A Servant's Call to Worship
When we gather on Sunday morning it should not be only to meet one another, but we should gather to meet God, and our very hearts should be raised to give Him honor. But not at the Sunday morning hour only—our worship to God should be a lifestyle. It should be something that we give ourselves to daily. God is not a denominational God! He is not Baptist, Pentecostal, Catholic, or Methodist. He’s God! We worship Him for Who He is. Worship points directly to the heart of God. John 4:24 makes no distinction as to denomination, nationality, ethnicity, or culture. It merely states that “God is a Spirit; and they that worship him must worship him in spirit and in truth.” Neither does this passage make any reference to music. Great music does not guarantee worship. Worship is a private attitude sometimes expressed in public. We use music sometimes as a vehicle toward worship, or our worship may take on the form of music or singing, but music and worship are not synonymous. In my over 25 years of gospel musicianship, one of the things I have learned is that those who worship apart from their instruments exude more power in their ministries because they make worship a priority. They make the worship of God priority not only in their ministry of music, but in their daily lives. My question to all musicians everywhere is if God is not running your life, how can he run your ministry? There is a deeper dimension that God wants to take us to. It is a deeper dimension that many of us have yet to experience. God grants us daily such a level of extravagant grace, that it should propel all of us to offer Him extravagant worship! The most we can offer God is sincere, heartfelt worship that flows from a heart filled with gratitude for His awesome power in our lives.

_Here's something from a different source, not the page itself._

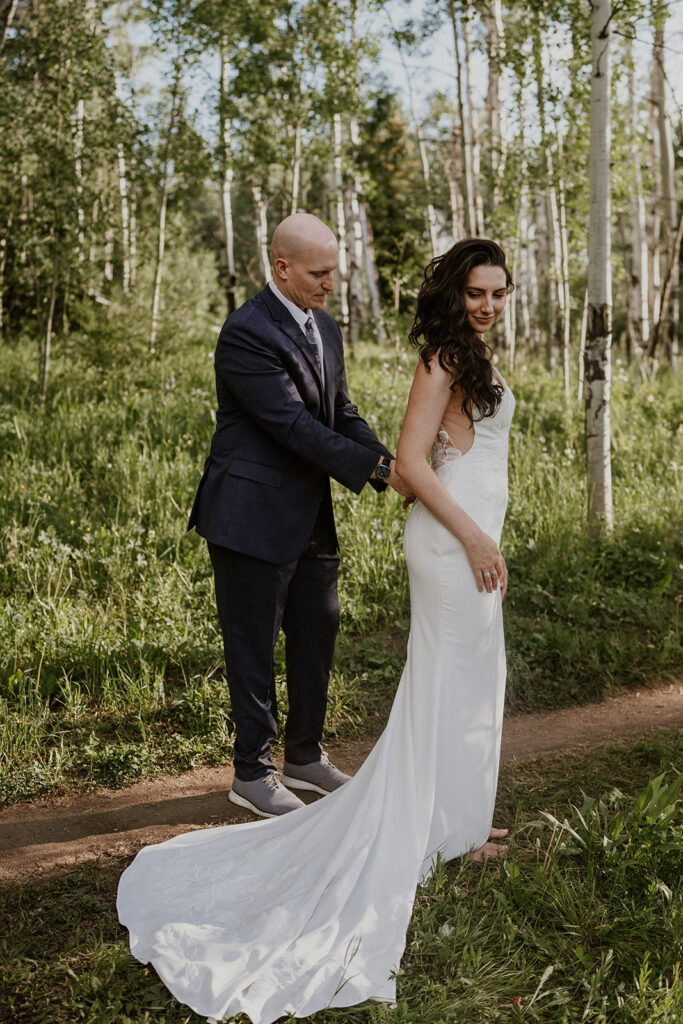 Groom helping his bride zip up her dress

Living the worship lifestyle is a daily pursuit. Worship is not mere action—it is an encounter. We must never measure the worship experience based on outward manifestations. In other words, singing more loudly, or lifting our hands higher than the person next to us does not qualify as worship. Attitude is what qualifies the action as worship. Real worship is not about what we are doing, but it is about what God is doing. This is the core difference between traditional and prophetic worship. When we receive a revelation from God, it gives us a reason to worship Him. The prophet Isaiah knew this all too well. Isaiah tells us in Chapter 6 of his book that in the same year King Uzziah died, he saw the Lord “high and lifted up”. In verse 3 of that chapter we are told that the Seraphim cry out “Holy, Holy, Holy. . .the whole earth is filled with His glory”. This revelation not only led Isaiah to worship, but it also threw him into a state of self-examination, according to verse 5:
5. Then I said, “Woe is me, for I am ruined! Because I am a man of unclean lips, And I live among a people of unclean lips; For my eyes have seen the King, the Lord of hosts.”